◆ **Directions**
Examine each line of the data, and copy the ones containing "Photo".

◆ **Data for this task**
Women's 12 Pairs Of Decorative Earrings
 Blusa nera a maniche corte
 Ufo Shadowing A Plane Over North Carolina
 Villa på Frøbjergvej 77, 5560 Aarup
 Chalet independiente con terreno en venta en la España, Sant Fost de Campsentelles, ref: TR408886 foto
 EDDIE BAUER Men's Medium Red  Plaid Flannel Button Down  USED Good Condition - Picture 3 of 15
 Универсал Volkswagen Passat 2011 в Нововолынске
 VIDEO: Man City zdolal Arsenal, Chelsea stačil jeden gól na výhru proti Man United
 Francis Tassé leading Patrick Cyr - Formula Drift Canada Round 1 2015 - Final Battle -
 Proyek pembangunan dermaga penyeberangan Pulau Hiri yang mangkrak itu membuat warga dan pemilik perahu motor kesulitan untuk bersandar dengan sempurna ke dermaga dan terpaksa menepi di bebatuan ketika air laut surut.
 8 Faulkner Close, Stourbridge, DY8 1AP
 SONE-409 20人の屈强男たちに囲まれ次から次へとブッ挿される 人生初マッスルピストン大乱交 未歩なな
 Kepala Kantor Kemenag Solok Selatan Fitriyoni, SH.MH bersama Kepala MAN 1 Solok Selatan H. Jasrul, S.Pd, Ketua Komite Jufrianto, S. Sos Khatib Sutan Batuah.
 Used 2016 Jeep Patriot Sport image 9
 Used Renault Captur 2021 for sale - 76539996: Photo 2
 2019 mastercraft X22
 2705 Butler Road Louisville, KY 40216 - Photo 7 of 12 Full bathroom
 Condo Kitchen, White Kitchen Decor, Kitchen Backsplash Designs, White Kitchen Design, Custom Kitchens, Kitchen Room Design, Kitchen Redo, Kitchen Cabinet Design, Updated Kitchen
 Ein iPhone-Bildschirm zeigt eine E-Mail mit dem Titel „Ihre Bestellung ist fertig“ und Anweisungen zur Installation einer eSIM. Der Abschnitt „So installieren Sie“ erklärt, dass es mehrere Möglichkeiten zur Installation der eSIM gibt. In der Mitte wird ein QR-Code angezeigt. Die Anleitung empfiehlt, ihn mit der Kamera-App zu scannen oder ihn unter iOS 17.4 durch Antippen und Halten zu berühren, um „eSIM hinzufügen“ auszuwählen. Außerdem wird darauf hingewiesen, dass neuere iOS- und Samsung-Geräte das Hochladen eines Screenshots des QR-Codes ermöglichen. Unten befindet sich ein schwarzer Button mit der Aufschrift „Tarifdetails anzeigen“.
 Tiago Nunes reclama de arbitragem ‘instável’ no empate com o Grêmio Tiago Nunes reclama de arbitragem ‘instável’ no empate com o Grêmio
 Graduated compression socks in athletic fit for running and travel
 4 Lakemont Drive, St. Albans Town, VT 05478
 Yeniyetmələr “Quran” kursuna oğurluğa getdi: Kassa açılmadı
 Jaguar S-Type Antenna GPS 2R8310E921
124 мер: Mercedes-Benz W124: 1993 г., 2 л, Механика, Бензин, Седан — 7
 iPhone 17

◆ **Answer**
 Used Renault Captur 2021 for sale - 76539996: Photo 2
 2705 Butler Road Louisville, KY 40216 - Photo 7 of 12 Full bathroom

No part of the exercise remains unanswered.